Israel has vowed to dismantle Hamas to ensure it can never repeat an attack like the one on Oct. 7. Militants burst through Israel’s border defenses and stormed through several communities that day, killing some 1,200 people, mostly civilians, and taking around 250 hostage.
Israel has also vowed to return all the hostages remaining in captivity after more than 100 — mostly women and children — were released during a November cease-fire in exchange for the release of scores of Palestinians imprisoned by Israel.
Family members and supporters were marking the first birthday of Kfir Bibas, the youngest Israeli hostage, in a somber ceremony Thursday in Tel Aviv.
The red-haired infant and his 4-year-old brother Ariel were captured along with their mother, Shiri, and their father, Yarden. All four remain in captivity.
Medicines Bound for Hostages Enter Gaza
The agreement to ship in medicines was the first to be brokered between the warring sides since November. Hamas said that for every box of medicine bound for the hostages, 1,000 would be sent for Palestinian civilians, in addition to food and humanitarian aid.
Qatar confirmed late Wednesday that the medicine had entered Gaza, but it was not yet clear if it had been distributed to the hostages, who are being held in secret locations, including underground bunkers.
Both France and Hamas had said the International Committee for the Red Cross, which helped facilitate the hostage releases, would have a role in distributing the medications. But on Thursday, the Red Cross said “the mechanism that was agreed to does not involve the ICRC playing any part in its implementation, including the delivery of medication.”

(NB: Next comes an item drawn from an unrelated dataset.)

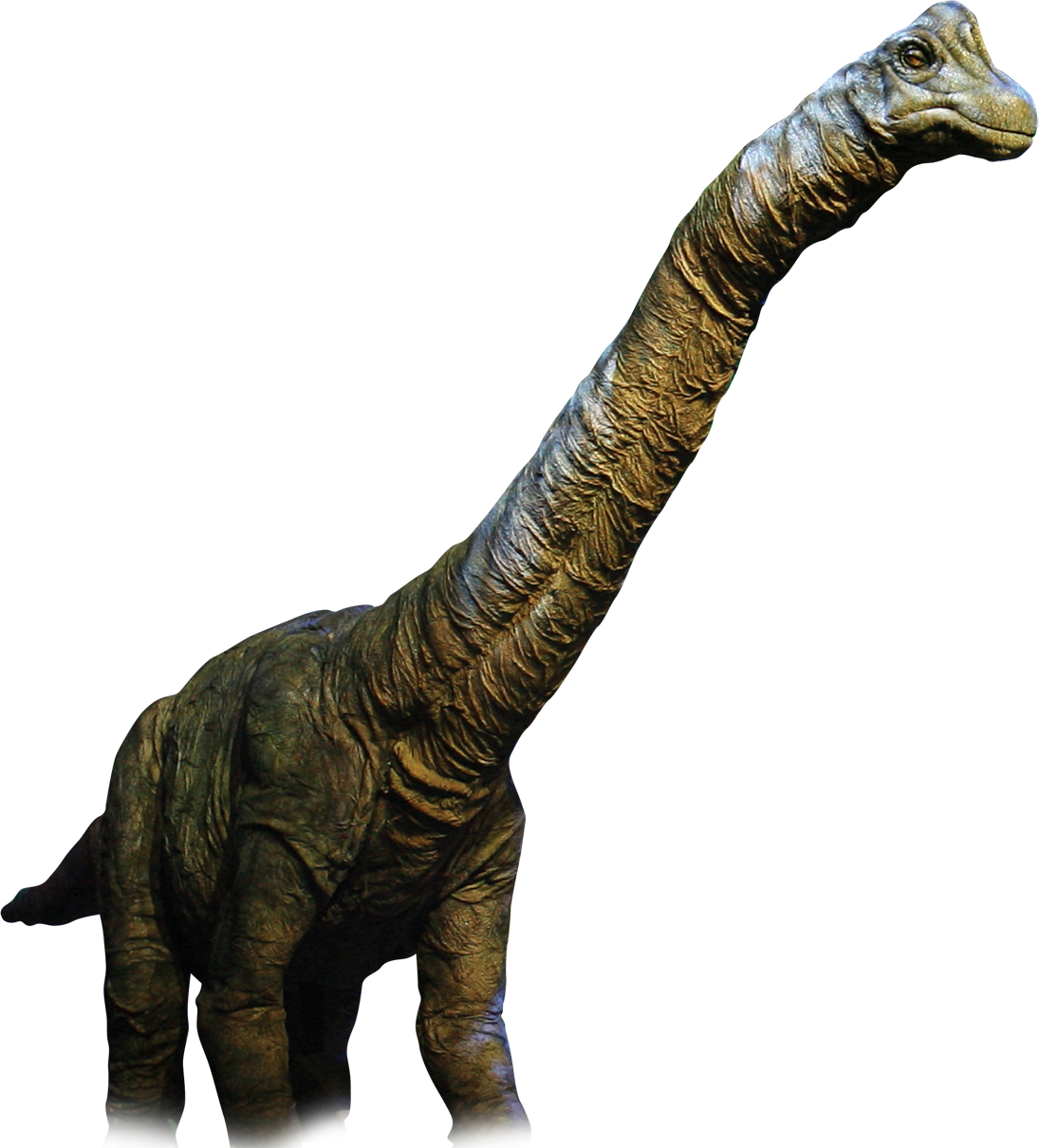 Dinosaur Png - Dinosaur Real Png Clipart (1095x1210), Png Download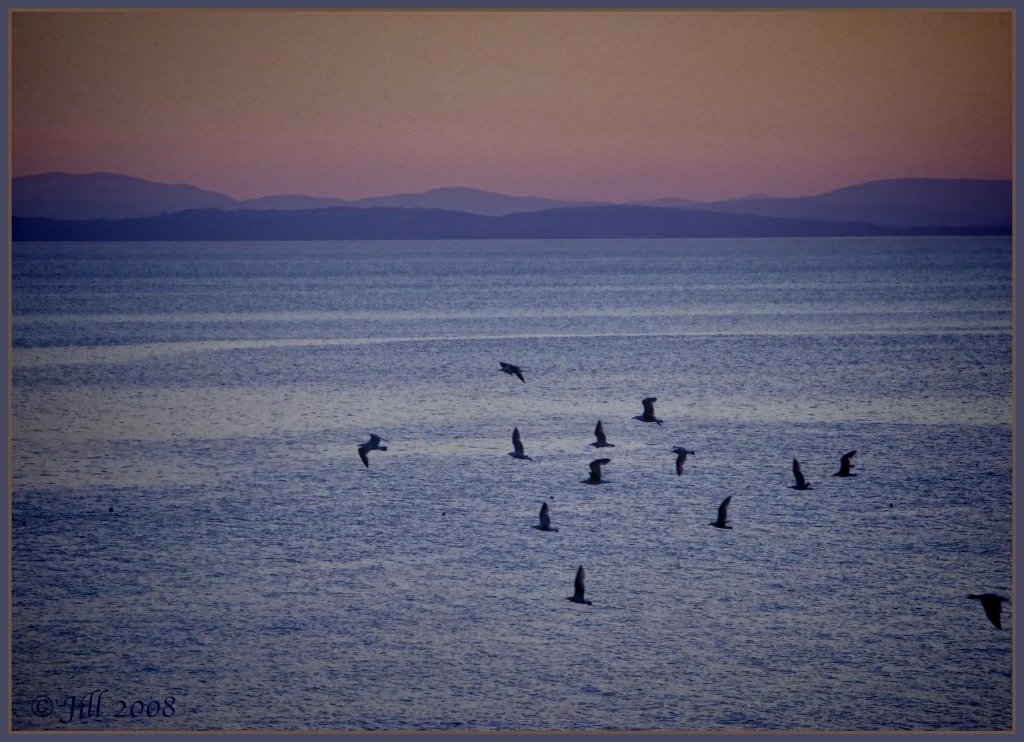 Birds in Flight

Hamas has continued to fight back across Gaza, even in the most devastated areas, and launch rockets into Israel. It says it will not release any more hostages until there is a permanent cease-fire, something Israel and the United States, its top ally, have ruled out.
Gaza’s Health Ministry says at least 24,620 Palestinians have been killed since the start of the war, around two-thirds of them women and children, with over 61,800 wounded. It says many other dead and wounded are trapped under rubble or unreachable because of the fighting. The ministry does not differentiate between civilian and combatant deaths.
Israel blames the high civilian death toll on Hamas because it fights in dense residential areas. Israel says its forces have killed roughly 9,000 militants, without providing evidence, and that 193 of its own soldiers have been killed since the Gaza ground offensive began.